The electric motor from a 3.5″ floppy disk drive. The coils, arranged Conveyor Chain radially, are made from copper wire covered with blue insulation. The well balanced rotor (upper correct) has been removed and switched upside-down. The grey ring inside its cup is a long lasting magnet.
A brushless DC electrical motor (BLDC motor or BL electric motor), also referred to as electronically commutated motor (ECM or EC motor) and synchronous DC motors, are synchronous motors powered by DC electrical power via an inverter or switching power which generates an AC electric energy to drive each phase of the motor via a closed loop controller. The controller provides pulses of current to the engine windings that control the speed and torque of the engine.
The construction of a brushless motor system is normally similar to a long lasting magnet synchronous motor (PMSM), but may also be a switched reluctance electric motor, or an induction (asynchronous) motor.
The benefits of a brushless motor over brushed motors are high power to weight ratio, high speed, electronic control, and lower maintenance. Brushless motors find applications in such places as computer peripherals (disk drives, printers), hand-held power tools, and vehicles ranging from model aircraft to automobiles.

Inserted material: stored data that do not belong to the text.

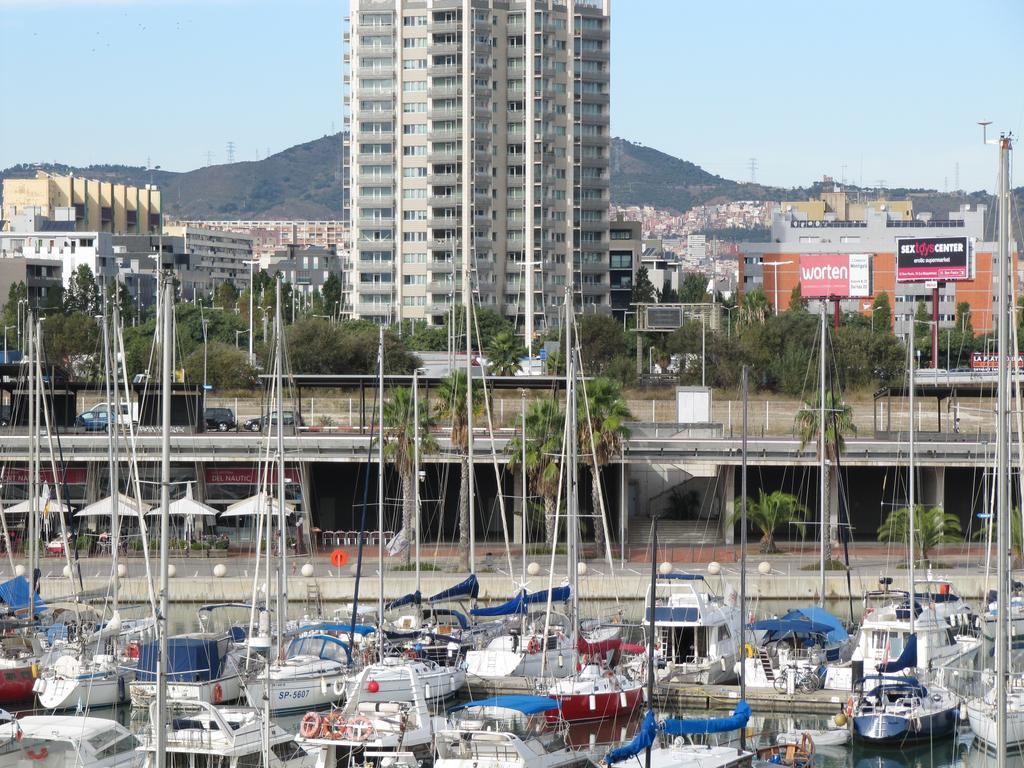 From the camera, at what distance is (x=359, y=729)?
33.6 metres

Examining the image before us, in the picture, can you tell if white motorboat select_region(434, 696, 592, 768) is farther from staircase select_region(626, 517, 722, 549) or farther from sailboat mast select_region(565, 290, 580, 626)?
staircase select_region(626, 517, 722, 549)

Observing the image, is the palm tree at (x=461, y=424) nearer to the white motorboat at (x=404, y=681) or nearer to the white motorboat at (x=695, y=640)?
the white motorboat at (x=695, y=640)

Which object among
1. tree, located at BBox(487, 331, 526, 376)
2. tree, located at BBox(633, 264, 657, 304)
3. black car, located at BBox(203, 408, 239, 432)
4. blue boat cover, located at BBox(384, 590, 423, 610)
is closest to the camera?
blue boat cover, located at BBox(384, 590, 423, 610)

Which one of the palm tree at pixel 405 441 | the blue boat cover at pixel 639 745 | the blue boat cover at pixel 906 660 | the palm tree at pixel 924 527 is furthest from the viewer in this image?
the palm tree at pixel 405 441

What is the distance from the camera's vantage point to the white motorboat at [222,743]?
109 ft

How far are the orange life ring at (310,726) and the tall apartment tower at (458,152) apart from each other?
121951mm

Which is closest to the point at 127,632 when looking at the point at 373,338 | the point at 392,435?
the point at 392,435

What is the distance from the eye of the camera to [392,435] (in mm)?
64562

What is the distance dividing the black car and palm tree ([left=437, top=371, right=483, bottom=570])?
2056 cm

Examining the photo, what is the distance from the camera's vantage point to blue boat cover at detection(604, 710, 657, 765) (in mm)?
31453

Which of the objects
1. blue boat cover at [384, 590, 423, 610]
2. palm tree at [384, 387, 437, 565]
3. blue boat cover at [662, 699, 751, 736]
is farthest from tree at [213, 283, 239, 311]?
blue boat cover at [662, 699, 751, 736]

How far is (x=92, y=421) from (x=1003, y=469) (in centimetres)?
5595

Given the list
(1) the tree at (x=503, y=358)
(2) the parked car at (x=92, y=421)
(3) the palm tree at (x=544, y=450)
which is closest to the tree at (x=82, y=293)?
(1) the tree at (x=503, y=358)

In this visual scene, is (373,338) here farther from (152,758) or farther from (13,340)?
(152,758) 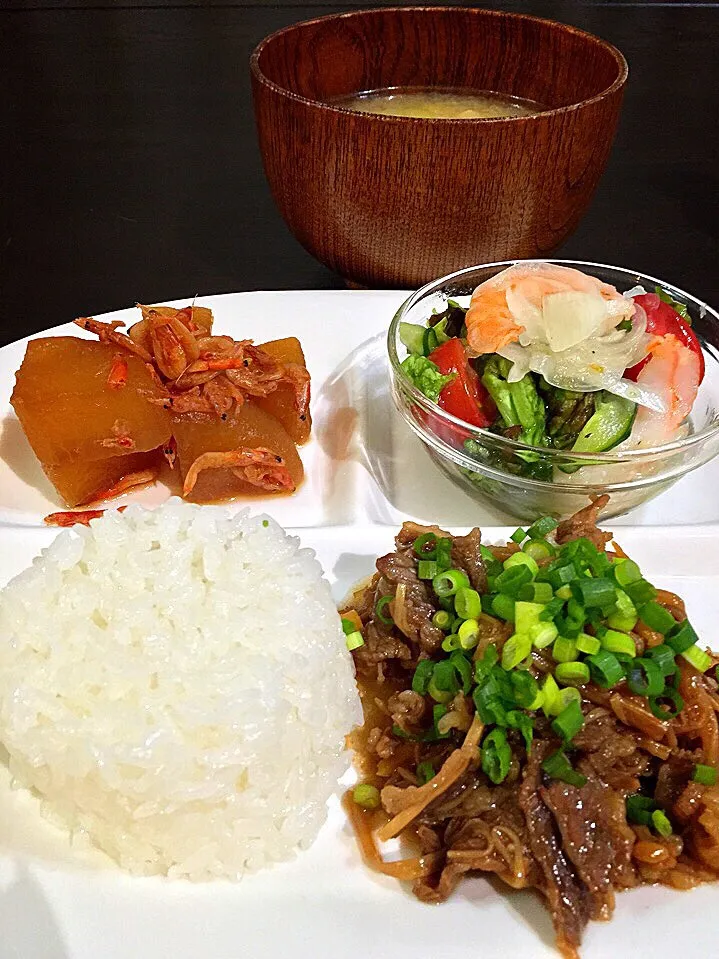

In an average DC electric motor, there are long lasting magnets on the outside and a spinning armature on the inside. The long term magnets are stationary, so they are known as the stator. The armature rotates, so it is named the rotor.
The armature contains an electromagnet. When you run electricity into this electromagnet, it generates a magnetic field in the armature that draws in and repels the magnets in the stator. Therefore the armature spins through 180 degrees. To keep it spinning, you have to change the poles of the electromagnet. The brushes handle this change in polarity. They speak to two spinning electrodes mounted on the armature and flip the magnetic polarity of the electromagnet since it spins.
his setup works and is easy and cheap to manufacture, but it includes a lot of problems:
The brushes eventually wear out.
Because the brushes are making/breaking connections, you get sparking and electrical noi
The brushes limit the maximum speed of the engine.
Having the electromagnet in the center of the motor helps it be harder to cool.
The utilization of brushes puts a limit on how many poles the armature can have.
With the advent of cheap computers and power transistors, it became possible to “turn the engine inside out” and eliminate the brushes. In a brushless DC motor (BLDC), you put the long term magnets on the rotor and you move the electromagnets to the stator. Then you use a computer (connected to high-power transistors) to replenish the electromagnets as the shaft turns. This technique has all sorts of advantages:
Because a computer settings the motor rather than mechanical brushes, it’s more precise. The computer can also factor the swiftness of the motor into the equation. This makes brushless motors better.
There is absolutely no sparking and much less electrical noise.
There are no brushes to wear out.
With the electromagnets on the stator, they are very easy to cool.
You can have a lot of electromagnets on the stator for more precise control.
The only disadvantage of a brushless engine is its higher initial cost, nevertheless, you can often recover that cost through the higher efficiency over the life span of the motor.